Work instruction:
Copy every record word for word. The images stay behind.

Image-text web data:
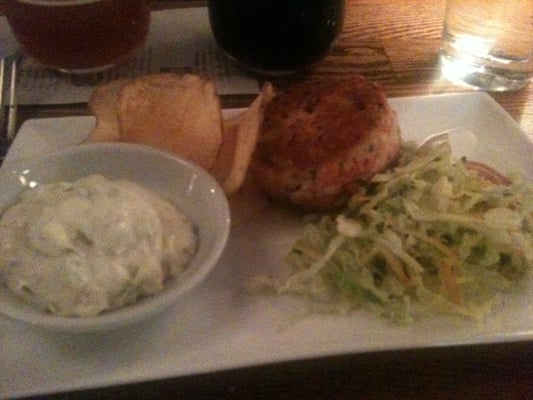 Wellington Gastropub by null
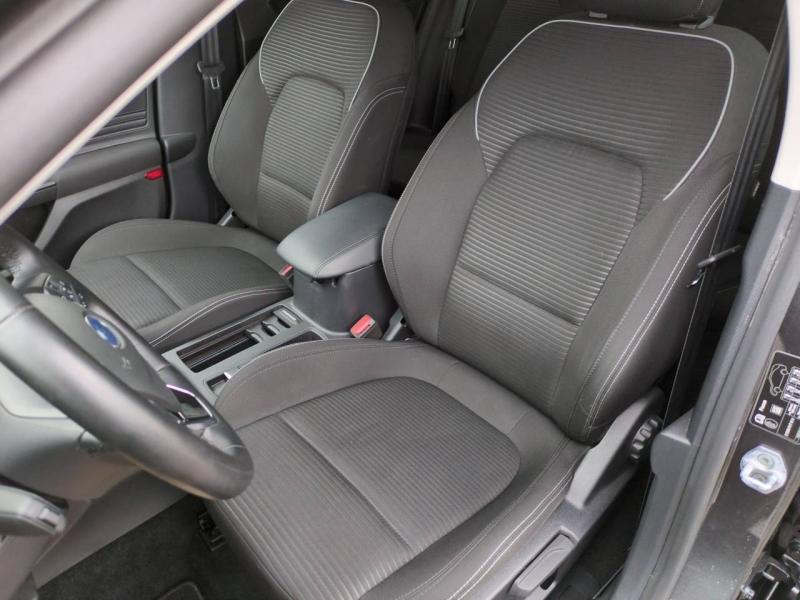 FORD Focus d’occasion à vendre à NÎMES chez SNMA (Photo 15)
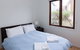 South Shores Trevally Villa 38 - South Shores Normanville - thumb 2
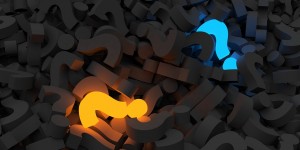 Beitragsbild des Blogbeitrags 11 Fragen und mehr – Die Antworten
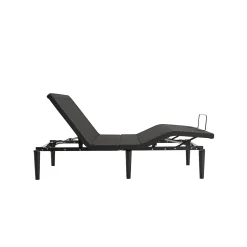 Sealy Ease Adjustable Bed Base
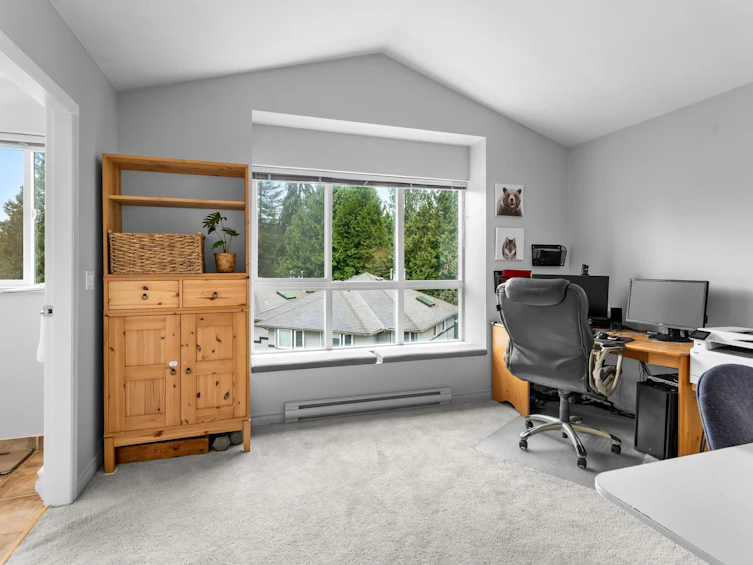 1071 Lynn Valley Road, North Vancouver, BC, V7J 1Z6 - 16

Reply to the exercise:
 Wellington Gastropub by null
 FORD Focus d’occasion à vendre à NÎMES chez SNMA (Photo 15)
 South Shores Trevally Villa 38 - South Shores Normanville - thumb 2
 Beitragsbild des Blogbeitrags 11 Fragen und mehr – Die Antworten
 Sealy Ease Adjustable Bed Base
 1071 Lynn Valley Road, North Vancouver, BC, V7J 1Z6 - 16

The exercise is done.